2 de
febrero, domingo. Se festoneaba el campo de candelas. Al pie de la sierra del
Valle, por la loma de Virote, por los Lentiscares, en el Cerro de la Farola,
por Cerrao… El campo, entre dos luces, era una candela - mejor, una
sucesión de hogueras-, que en la lejanía servía de faro, de asombro de niños,
de un no sé qué totémico que aparecía siempre.
Era,
según dicen los que saben, en otro tiempo, la fiesta de la luz. Puede. Todos
los pueblos se enraízan en sus orígenes y alguien se encarga, de algún modo,
que sobreviva al tiempo y a la gente. Luego la iglesia cristianizó todo lo
pagano que se halló por los caminos, y todo eso que ya se sabe.
En
Tromson, ciudad noruega muy cercana al círculo polar, una tarde de verano se me
ocurrió preguntar hasta cuando duraba la oscuridad del invierno… A mediados de
enero – me dijeron – se vislumbra el primer rayo de aurora en el horizonte. O
sea la luz. Es el comienzo del alargamiento de los días.
Celebraban
los paganos el solsticio de invierno cuando diciembre era más sombra y noche,
que sol y día. Se cristianizó.
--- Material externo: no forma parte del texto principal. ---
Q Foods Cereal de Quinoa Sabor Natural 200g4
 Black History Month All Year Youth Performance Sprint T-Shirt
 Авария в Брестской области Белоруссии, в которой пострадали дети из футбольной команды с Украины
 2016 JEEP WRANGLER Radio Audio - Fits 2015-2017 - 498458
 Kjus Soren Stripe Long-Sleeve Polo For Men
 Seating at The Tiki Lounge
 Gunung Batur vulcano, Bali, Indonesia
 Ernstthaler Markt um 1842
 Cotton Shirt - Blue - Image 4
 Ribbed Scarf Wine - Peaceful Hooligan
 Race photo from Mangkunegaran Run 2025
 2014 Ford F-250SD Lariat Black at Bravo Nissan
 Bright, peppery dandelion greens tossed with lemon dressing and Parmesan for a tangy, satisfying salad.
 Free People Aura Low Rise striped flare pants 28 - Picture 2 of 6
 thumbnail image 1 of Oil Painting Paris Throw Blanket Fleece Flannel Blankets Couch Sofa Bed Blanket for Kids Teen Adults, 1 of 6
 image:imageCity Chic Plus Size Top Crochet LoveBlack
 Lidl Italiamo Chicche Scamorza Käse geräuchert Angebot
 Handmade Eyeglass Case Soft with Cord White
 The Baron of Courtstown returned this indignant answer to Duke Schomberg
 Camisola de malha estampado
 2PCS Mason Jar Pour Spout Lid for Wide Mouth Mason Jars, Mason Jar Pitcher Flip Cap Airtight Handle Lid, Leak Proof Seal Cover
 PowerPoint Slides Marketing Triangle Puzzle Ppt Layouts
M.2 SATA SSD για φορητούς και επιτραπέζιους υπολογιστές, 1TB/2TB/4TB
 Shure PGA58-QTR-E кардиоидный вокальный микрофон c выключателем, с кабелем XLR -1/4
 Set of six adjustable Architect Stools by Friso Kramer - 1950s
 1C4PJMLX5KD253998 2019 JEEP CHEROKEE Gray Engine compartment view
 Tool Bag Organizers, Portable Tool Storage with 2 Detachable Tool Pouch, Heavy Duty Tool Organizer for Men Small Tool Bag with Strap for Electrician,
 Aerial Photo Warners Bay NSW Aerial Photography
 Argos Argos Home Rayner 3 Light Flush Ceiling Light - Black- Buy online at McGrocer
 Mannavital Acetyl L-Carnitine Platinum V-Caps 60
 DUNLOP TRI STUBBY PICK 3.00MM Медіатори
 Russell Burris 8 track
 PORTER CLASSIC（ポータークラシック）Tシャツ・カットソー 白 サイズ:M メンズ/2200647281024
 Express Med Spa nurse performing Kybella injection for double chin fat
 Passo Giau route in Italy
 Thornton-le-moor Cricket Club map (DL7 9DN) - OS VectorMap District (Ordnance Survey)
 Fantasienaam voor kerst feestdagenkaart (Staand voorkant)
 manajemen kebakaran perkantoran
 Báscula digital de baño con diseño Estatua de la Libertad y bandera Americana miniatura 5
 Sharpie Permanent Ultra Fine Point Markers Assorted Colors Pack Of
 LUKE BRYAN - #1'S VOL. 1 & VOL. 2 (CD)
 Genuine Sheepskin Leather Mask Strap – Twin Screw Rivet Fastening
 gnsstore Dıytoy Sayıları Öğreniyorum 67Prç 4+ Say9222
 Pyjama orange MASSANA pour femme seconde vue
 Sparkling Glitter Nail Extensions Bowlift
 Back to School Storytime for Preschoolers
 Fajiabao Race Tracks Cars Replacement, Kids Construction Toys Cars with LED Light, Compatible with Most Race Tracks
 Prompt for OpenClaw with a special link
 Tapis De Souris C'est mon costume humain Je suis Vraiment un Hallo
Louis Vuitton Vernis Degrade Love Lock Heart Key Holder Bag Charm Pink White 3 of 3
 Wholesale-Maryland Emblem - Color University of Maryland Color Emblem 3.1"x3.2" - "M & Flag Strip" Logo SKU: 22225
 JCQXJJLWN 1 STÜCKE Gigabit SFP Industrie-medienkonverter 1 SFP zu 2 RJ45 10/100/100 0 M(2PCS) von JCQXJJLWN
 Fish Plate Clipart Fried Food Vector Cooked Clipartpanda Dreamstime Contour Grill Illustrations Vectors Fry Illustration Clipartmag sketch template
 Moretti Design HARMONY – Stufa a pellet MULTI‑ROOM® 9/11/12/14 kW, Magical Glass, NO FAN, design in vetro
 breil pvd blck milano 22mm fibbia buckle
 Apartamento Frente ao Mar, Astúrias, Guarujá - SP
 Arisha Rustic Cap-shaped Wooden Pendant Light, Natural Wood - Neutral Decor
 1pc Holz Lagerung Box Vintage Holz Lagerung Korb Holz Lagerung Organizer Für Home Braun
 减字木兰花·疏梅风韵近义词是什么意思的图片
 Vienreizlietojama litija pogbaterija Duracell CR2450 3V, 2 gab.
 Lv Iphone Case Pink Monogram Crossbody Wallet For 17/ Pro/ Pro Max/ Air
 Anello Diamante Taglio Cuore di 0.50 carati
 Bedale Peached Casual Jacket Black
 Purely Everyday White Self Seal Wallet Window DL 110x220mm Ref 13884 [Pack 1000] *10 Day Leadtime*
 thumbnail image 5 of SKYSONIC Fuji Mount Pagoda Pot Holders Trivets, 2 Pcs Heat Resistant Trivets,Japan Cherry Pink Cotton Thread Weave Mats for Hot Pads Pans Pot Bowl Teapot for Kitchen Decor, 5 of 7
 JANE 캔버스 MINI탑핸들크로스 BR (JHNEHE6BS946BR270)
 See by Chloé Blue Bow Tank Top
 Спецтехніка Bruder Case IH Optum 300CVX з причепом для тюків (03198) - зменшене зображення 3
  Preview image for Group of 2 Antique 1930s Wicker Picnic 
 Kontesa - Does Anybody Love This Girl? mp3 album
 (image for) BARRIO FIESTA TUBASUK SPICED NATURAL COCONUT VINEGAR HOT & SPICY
Se fijo el nacimiento de Jesús en torno a la
fecha. Es decir, la luz nueva, el Sol nuevo. Y el mundo – los que no creen,
incluidos- lo celebran en casi todo occidente.
Tiene
la Candelaria otro motivo también de recuerdo. Dice el Evangelio que María para
purificarse acudió al Templo. Presentó al Niño y ofreció dos pichones “porque
eran pobres”. Seguían un mandato recogido en el Levítico… La tradición, en
aquel tiempo, rondaba los mil quinientos años. Año más o año, menos.
Muchos
pueblos han celebrado la fiesta. No sé si habrán llevado los niños a los
templos. Esta tarde, cuando se han recogido los pájaros y apunta un lucero
lejano en un cielo muy azul y frío asomado al campo, he visto que había muy
pocas candelas…
Qué comentario más hermoso, querido Pepe. Muy literario y muy didáctico. Enhorabuena, amigo.